Oregon’s 700 acres of Riesling are a small fraction of what Washington State or California have, and even lags well behind New York State. However, as I already reported in July, something is really begin to happen there with Riesling, and the large number of small, agile wineries means the process of winemaking experimentation and stylistic development is moving fast. There have long been some exciting Oregon Rieslings which proved that this grape is extremely well-suited to this state’s climate and soils, most notably Brooks and Chehalem. But for a long time those wines looked like oddities rather than trail-blazers to the majority of the state’s winemakers, who at best didn’t really take them seriously. At worst they dismissed this form of beauty as inappropriate to the state.
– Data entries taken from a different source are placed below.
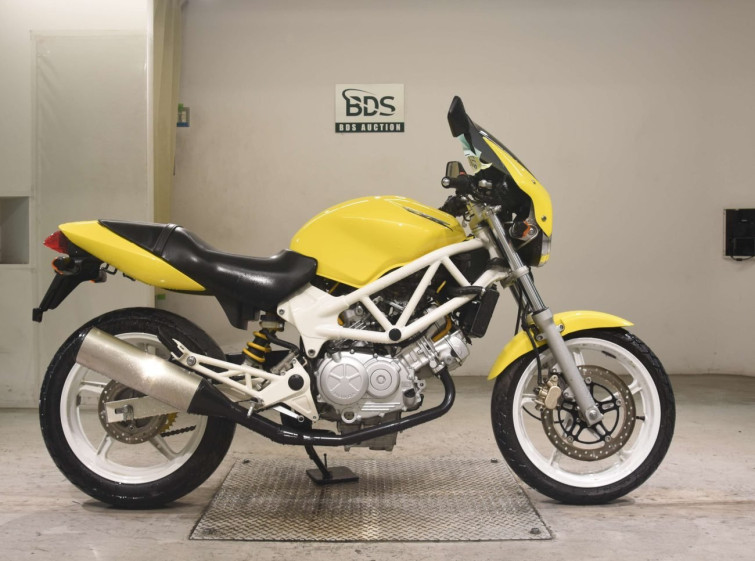 Мотоцикл Honda VTR250 с пробегом 2183 km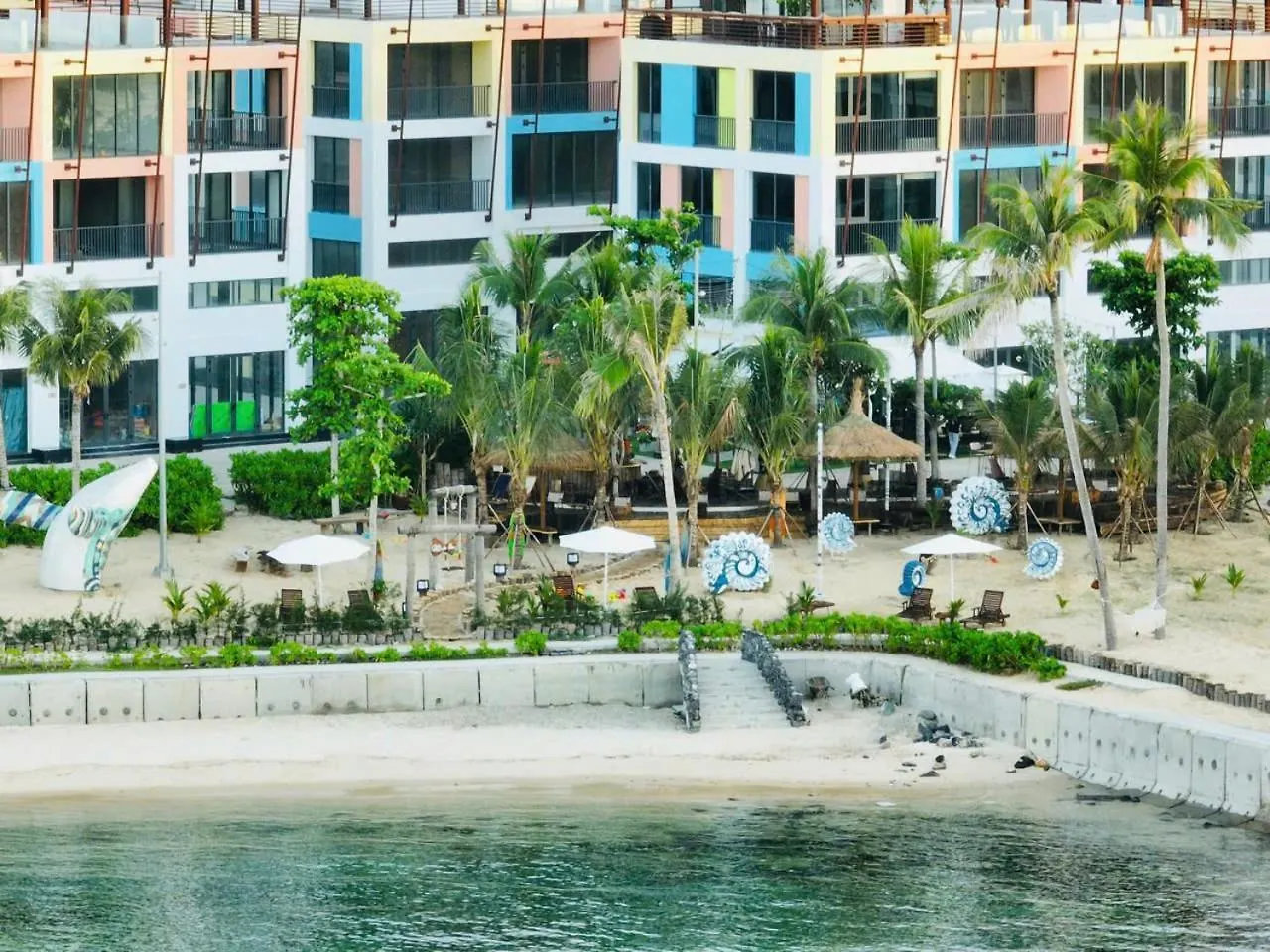Cozy Front Beach House Wid Private Beach Nha Trang 0*,  Vietnam
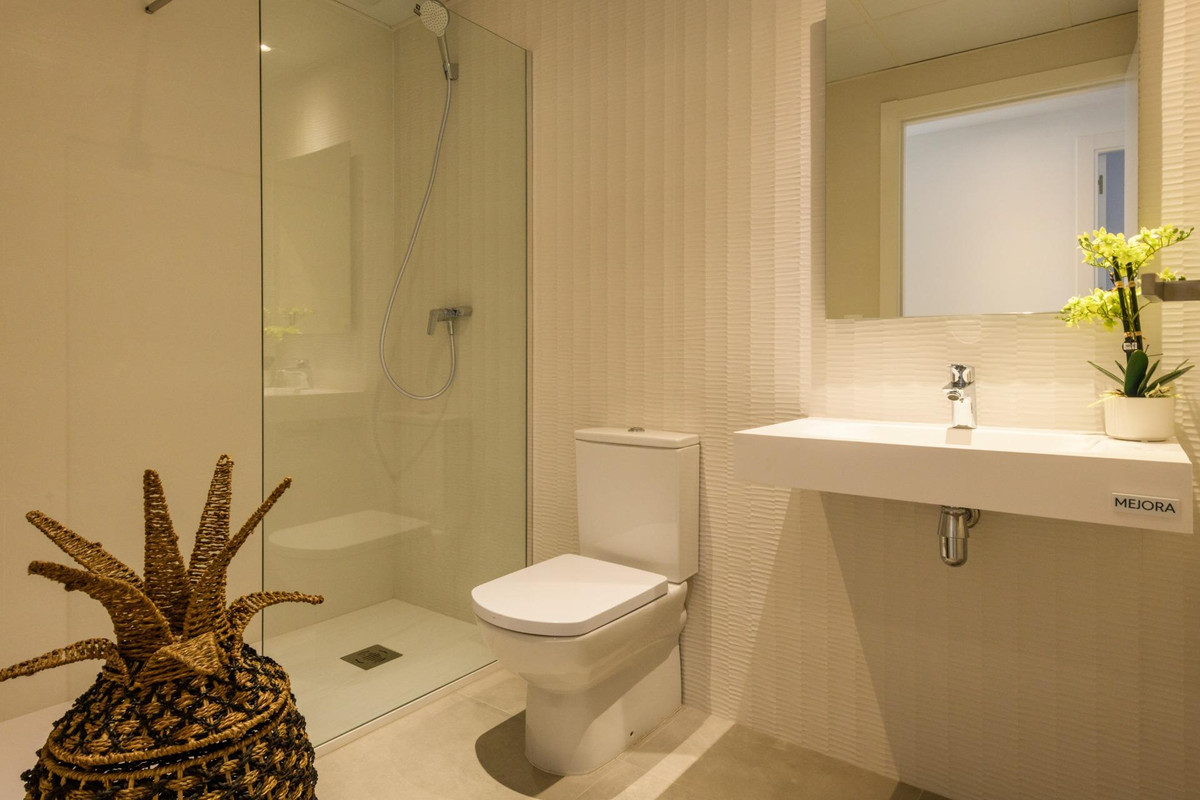 Se vende Apartamento Planta Baja de 2 dormitorios en Costa Blanca, Alicante, España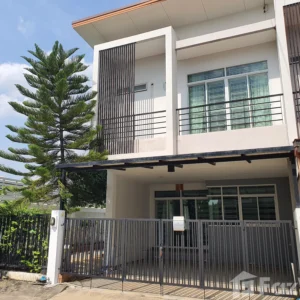 3 Bedroom Townhouse for sale at The Miracle Plus Phetkasem 63 Project 1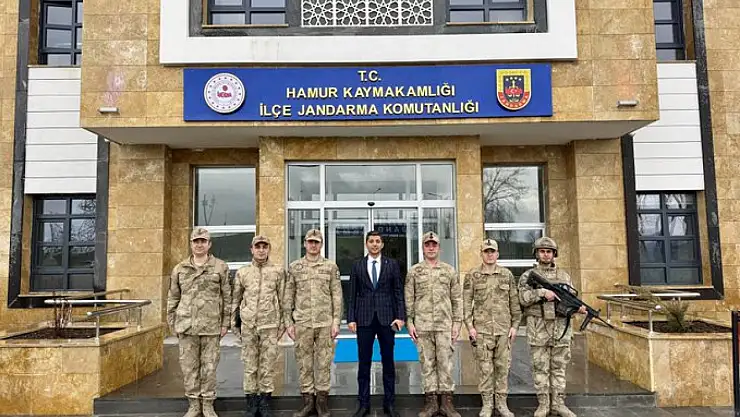 Hamur Kaymakamı Mahir'den emniyet ve jandarmaya bayram ziyareti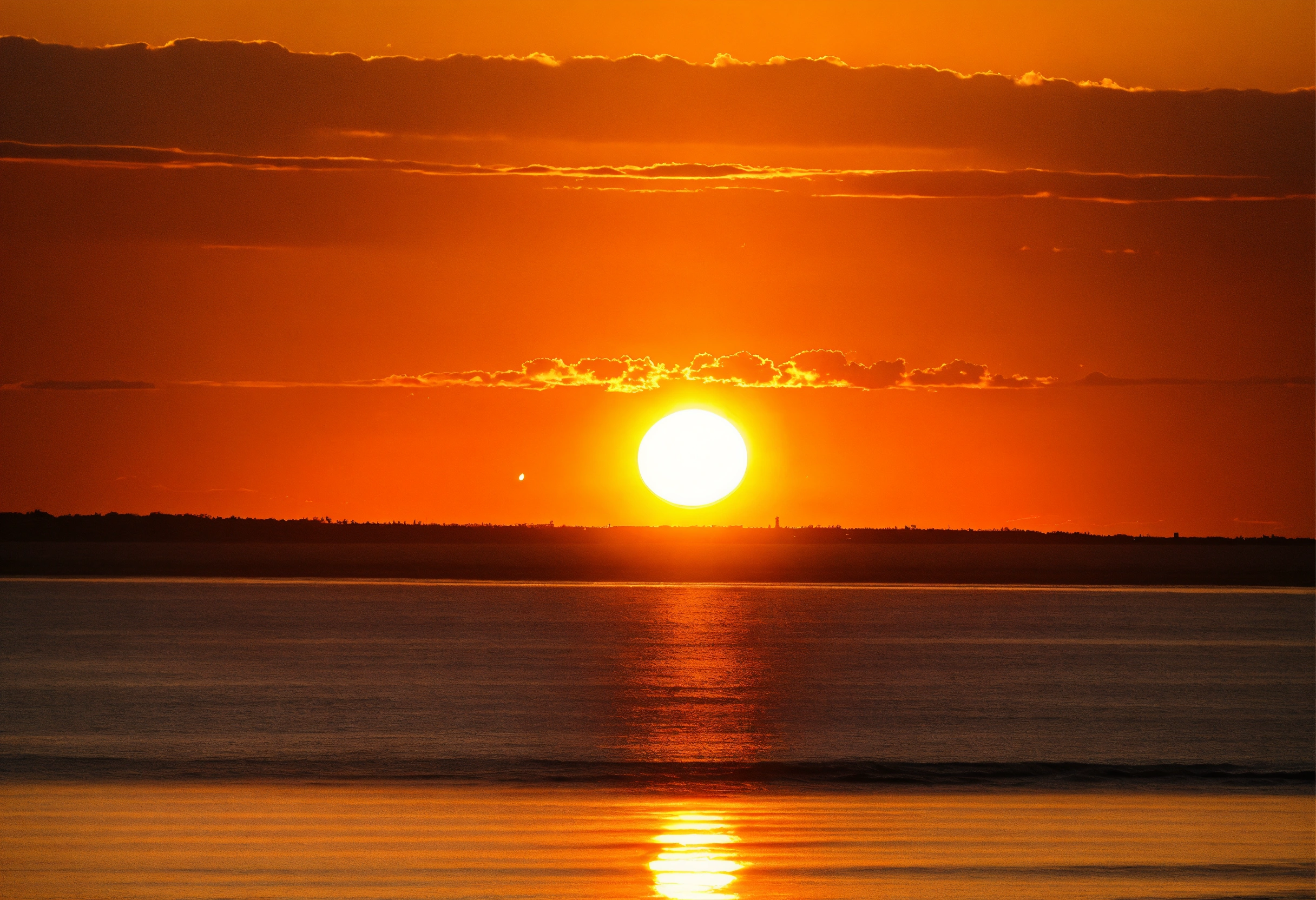 Lexica - Golden sunset. horizon. the sun is massive. super zoom in on ...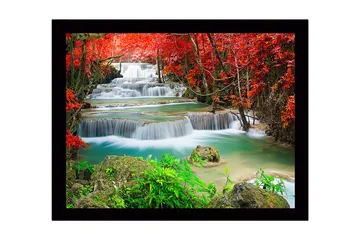 Innrammet lerretsbilde i tre - 41x56 cm - Vakre fossefall omgitt av rødbladet vegetasjon - Rød / Grønn / Turkis - Interiør - Maleri & posters - Lerretsbilder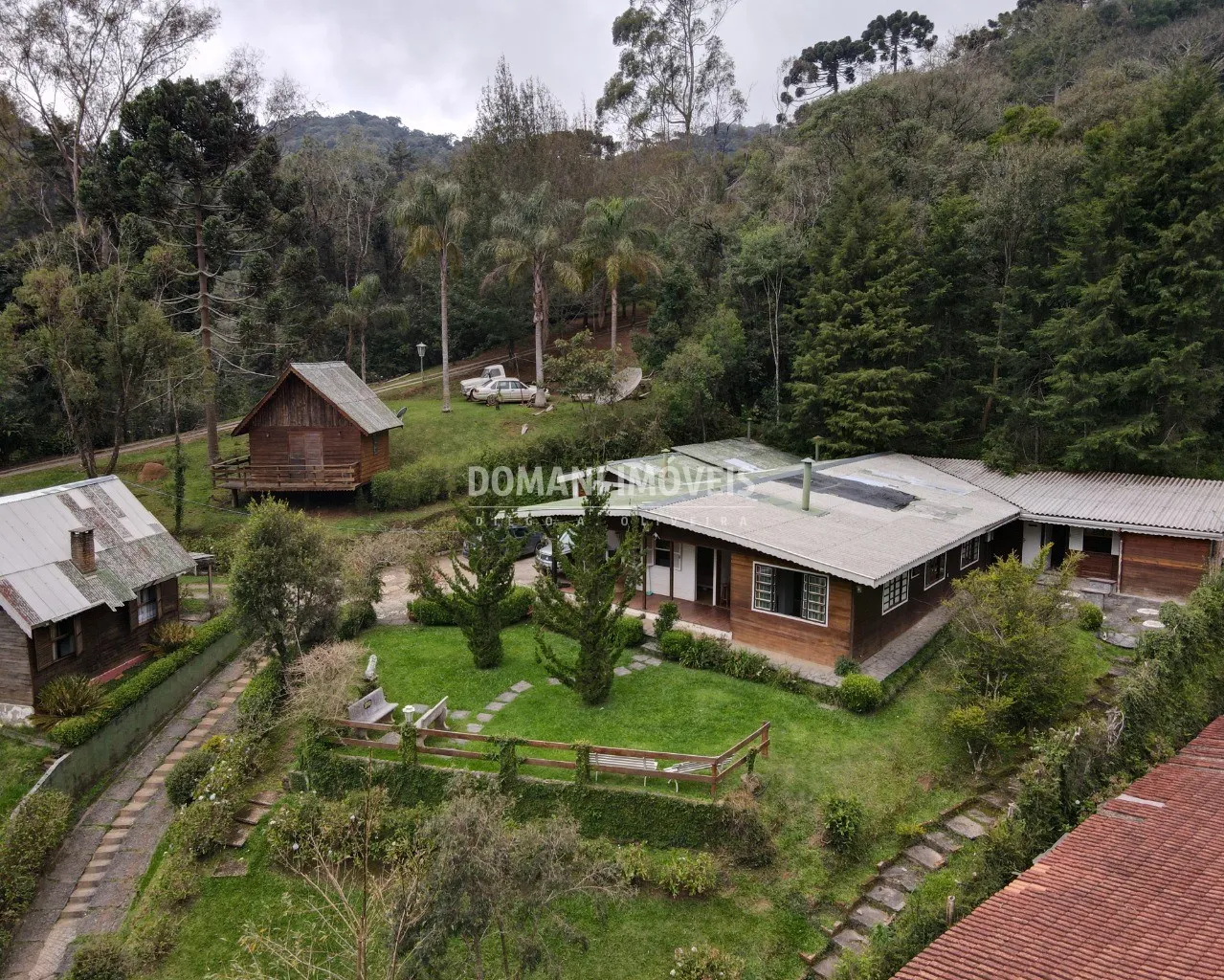 Casa à venda de 4.220 m² em Campos do Jordão, SP, Brasil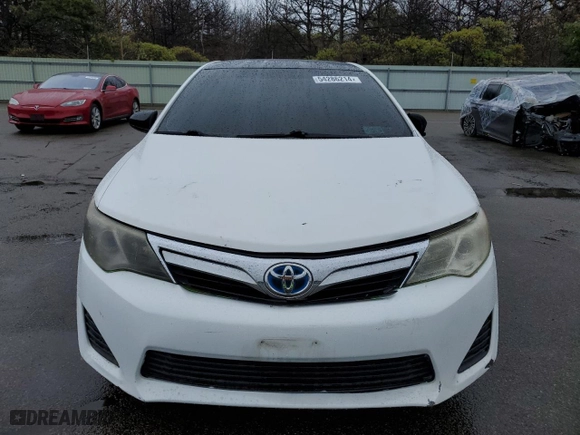 2013 Toyota Camry Hybrid LE with VIN 4T1BD1FK5DU069627, listed as a Copart auction lot 54286214 with 208,676 mi miles and Clean Title. Bid and sale history available at carsss.com. Image 5.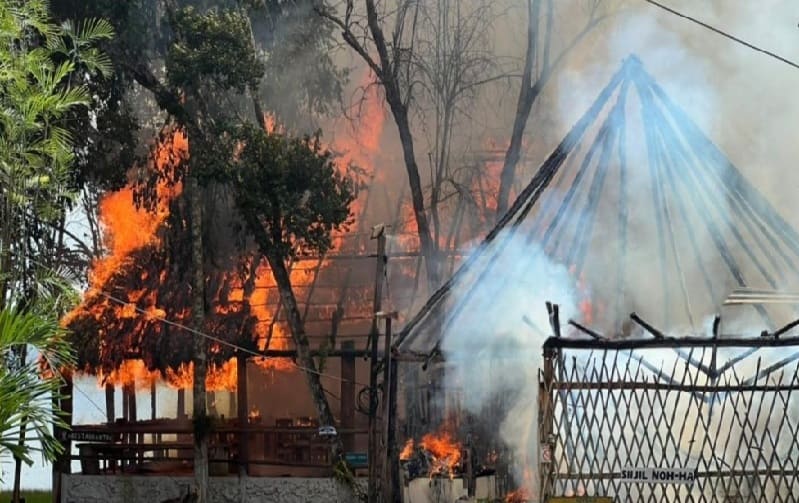 Three buildings lost in afternoon resort blaze when town fire truck failed to start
In contrast, Pinot Noir and/or Pinot Gris were the grapes with which an Oregon winemaker was supposed to make her/his reputation with, not least because that’s what the press and somms were focusing almost exclusively upon. That sometimes takes the form of extreme tunnel vision which leads to some bizarre statements about the inevitability of Pinot in this state being made, as if the Great God of Wine had decided this and inscribed it on stone tablets which he handed down from on high. That’s why I talked about there being “Pinot Fog” in Oregon in my book BEST WHITE WINE ON EARTH – The Riesling Story. Interestingly, nobody challenged that formulation!

I think the tendency of the wine scene to judge all wines by how they show on release, and a long-term tendency on the West Coast for wines with moderate acidity to preferred over wines with more pronounced acidity made life doubly hard for pioneers like Harry Peterson-Nedry of Chehalem (who recently handed the winemaking over to his daughter Wynne) and Janie Brooks Heuck and Chris Williams of Brooks. You see, every good Oregon Riesling has plenty of acidity, along with great aromas that range from the floral to passionfruit via citrus and white peach. However, the wines times are a changin’, and just as West Coast winemakers started to take Riesling more seriously again Chehalem’s Rieslings became more charming as young wines and Brooks extended their range of Rieslings beyond their traditional bone-dry style, in fact today their sweet Rieslings are now every bit as strong as their dry wines. For all these reasons the idea that Oregon is the Promised Land of American Riesling (promoted by Sean O’Keefe of Chateau Grand Traverse in Michigan) suddenly looks way more convincing than it did a few years back.

Tasting and re-tasting the 2013 wines of Trisateum in Newberg over the last days I have to say that Oregon has just gained a third Riesling star producer. The three single-vineyard dry wines and the dry Estates Reserve (with silver trim on the packaging), plus the three single-vineyard medium-dry wines and the medium-dry Estates Reserve are a big jump up from the 2011 vintage wines that were my first encounter with James and Andrea Frey’s Rieslings. Not only are these wines totally distinctive in style – at once very pure, effusively aromatic and racy – the differentiation between the wines from the three vineyard sites is extremely clear. Anyone looking for an intense citrusy, very crisp wine is recommended to go for the Rieslings from the Coastal Range site, while anyone who wants something fuller and more juicy should take wine the floral Rieslings from the Ribbon Ridge vineyard; she/he who wants the maximum in tension and excitement must grab the mineral Rieslings from the Wichmann Dundee site. More yeasty and therefore less developed are the Estates Reserve bottlings (both blends of wine form all three sites)  which quite rightly don’t get released until November. My guess is that although they will probably be the longest living of the 2013 Rieslings from Trisaetum, all of these wines are going to age for a long, long time if you can keep your hands of them. Congratulations!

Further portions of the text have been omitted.